The number of magnetic lines of force (being cut by the armature’s conductors) controls its voltage output value. As the number of lines of force increases, the voltage value also increases in the conductors. The number
of lines of force can be varied with a control that changes the number of amperes flowing in the stator fields. The output voltage will vary with the change in ampere flow through the stator fields. This control adjustment won’t make a large change in the voltage output of a generator.
The speed at which the conductors cut the lines of force is determined by the generator’s RPM. The recommended speed is on the generator’s nameplate. The voltage output value will change with the speed change.
The Shunt Generator
The shunt generator has two circuits (Fig. 1.16), the armature and interpoles
(Al and A2) and the shunt field (Fl and F2).
Figure 1.17 shows the NEMA (National Electrical Manufacturers Association) standard connection for counterclockwise rotation facing the end opposite the shaft.
The Armature and Interpoles
Armature leads are identified as Al and A2. The armature windings produce all of the generator’s power output.
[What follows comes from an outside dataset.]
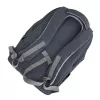 Σακίδιο Rivacase 7567 43,9 cm (17,3 inch)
The number of turns of wire in the slots
of the armature determines its voltage output value. The ampere rating of the generator determines the armature winding’s wire size.
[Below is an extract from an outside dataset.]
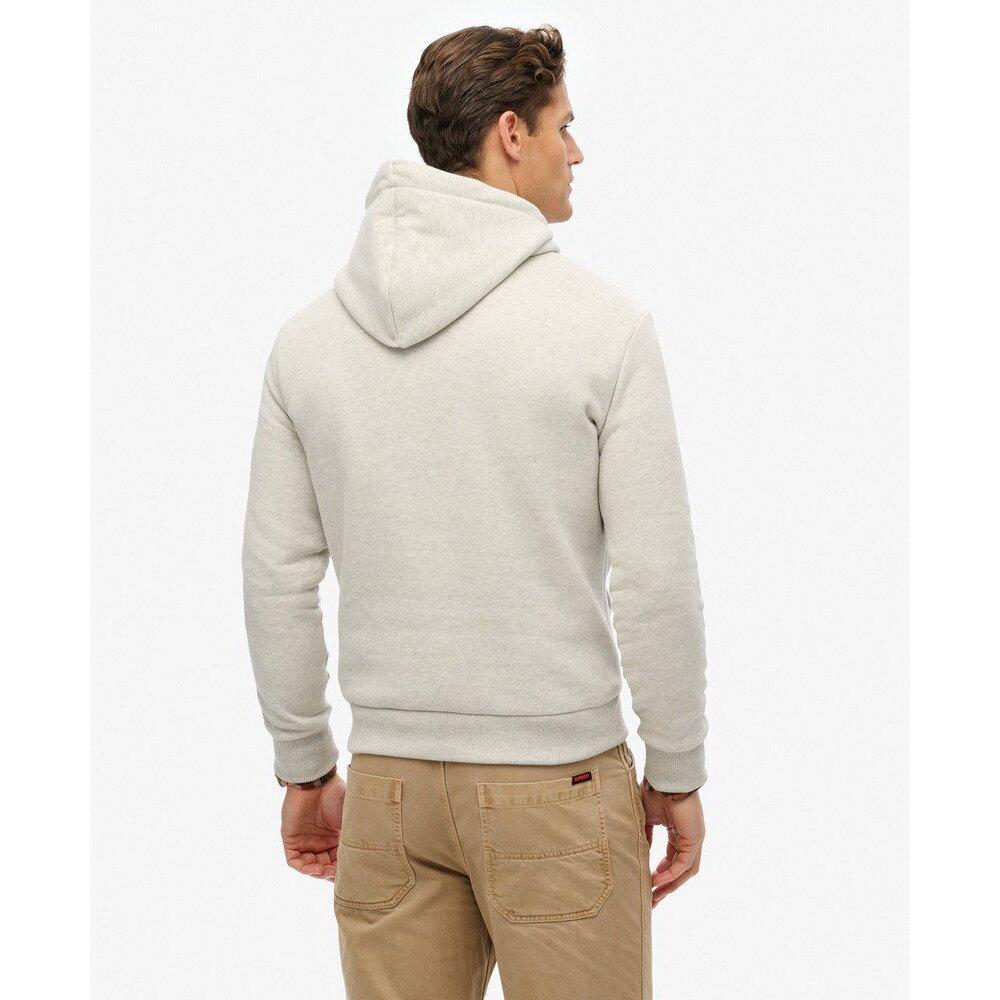 product/s/u/superdry_m2014365a-5wb_gris-glacier-chine_3.jpg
The armature circuitry consists of many coils that are connected to the commutator segments. The commutator segments control the direction of current flow in each coil of the armature. The basics of this
circuitry and a more detailed explanation are provided in the section, “Operation of a DC Motor. ‘
Interpoles are poles strategically placed in the stator to decrease brush arcing. They will be covered in depth later in this chapter.
The Shunt Field
The shunt field (Fig. 1.18) consists of coils of wire and laminated iron. Each coil and its iron make a pole. Fig. 1.19 shows a four-pole sketch. The coils are connected so that each is the opposite polarity from the one next to it. The number of north poles always equals the number of south poles. Figure 1.20 shows a four-pole stator.
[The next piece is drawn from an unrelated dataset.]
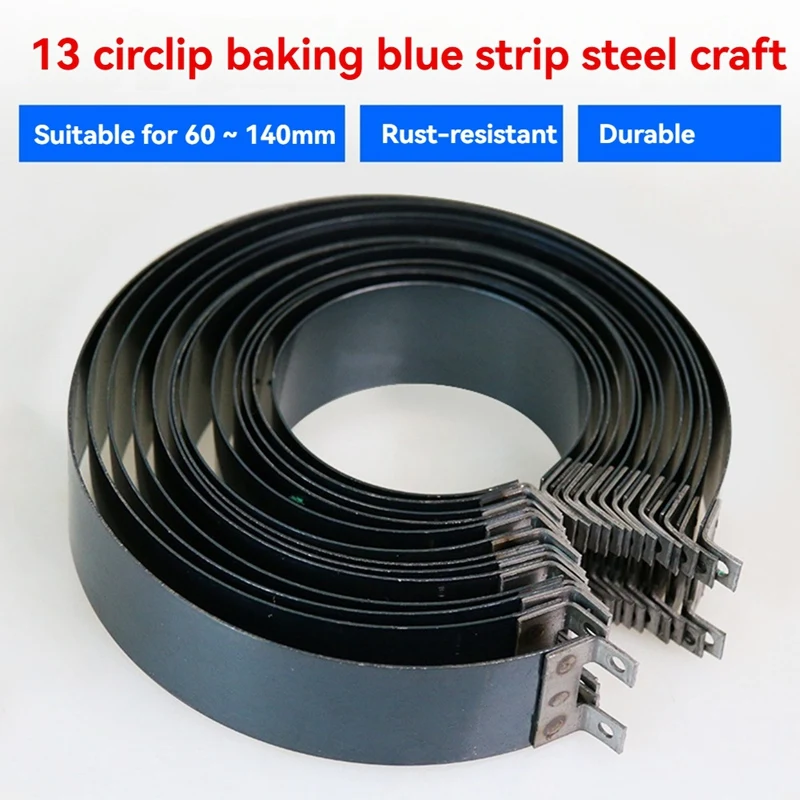 M11k-набор поршневых инструментов - Фотография_4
The purpose of a generator’s shunt field is to furnish magnetic lines of force (flux) for the armature conductors to cut. Power is produced as armature conductors cut the lines of force. The shunt field coils consist of hundreds of feet of wire. The total length of the wire in these coils controls the current. (Each wire size has a resistance value per 1000 feet.) The large quantity of wire in the shunt field circuit keeps its coils from overheating.